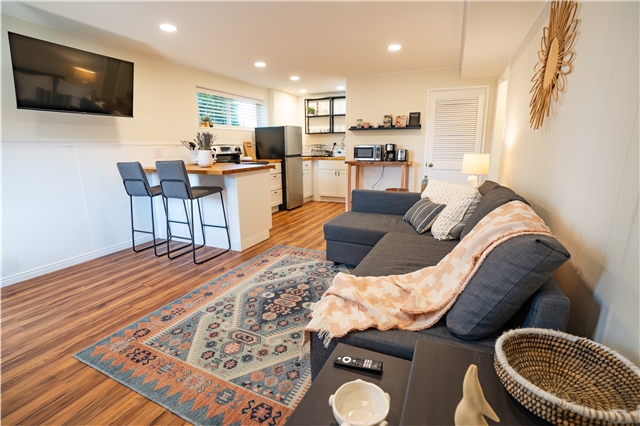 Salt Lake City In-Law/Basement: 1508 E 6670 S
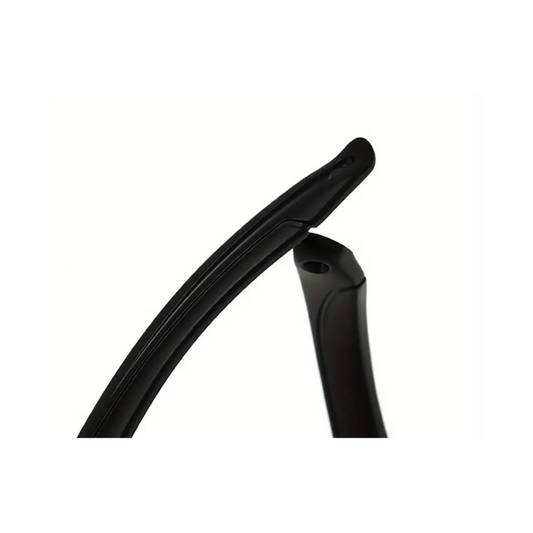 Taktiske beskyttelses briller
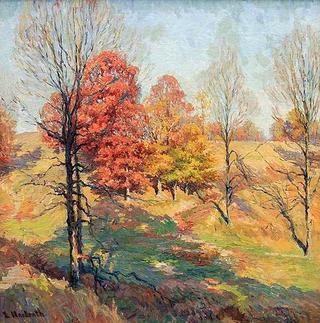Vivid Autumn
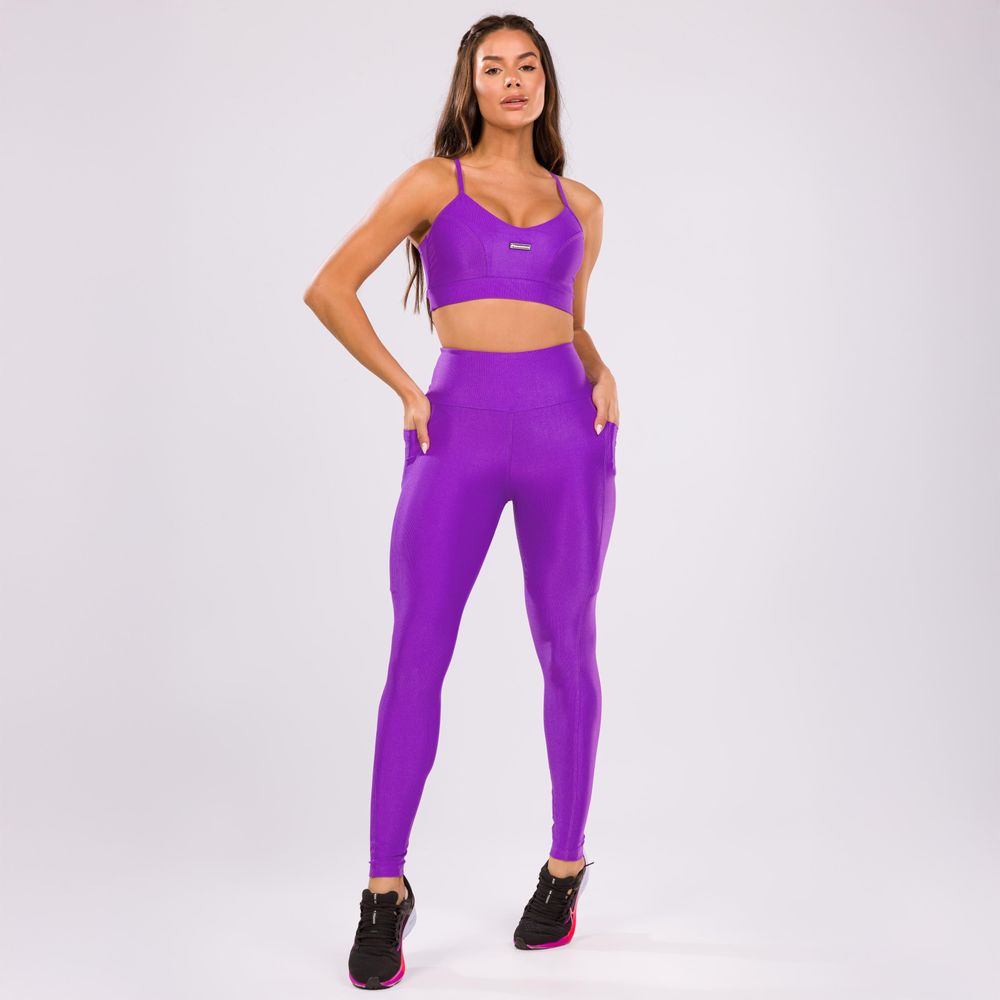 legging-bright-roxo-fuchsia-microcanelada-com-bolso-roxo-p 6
- - -
Exercise: Leave the images out as you retype each line of the material exactly.

Task response:
 Salt Lake City In-Law/Basement: 1508 E 6670 S
 Taktiske beskyttelses briller
Vivid Autumn
 legging-bright-roxo-fuchsia-microcanelada-com-bolso-roxo-p 6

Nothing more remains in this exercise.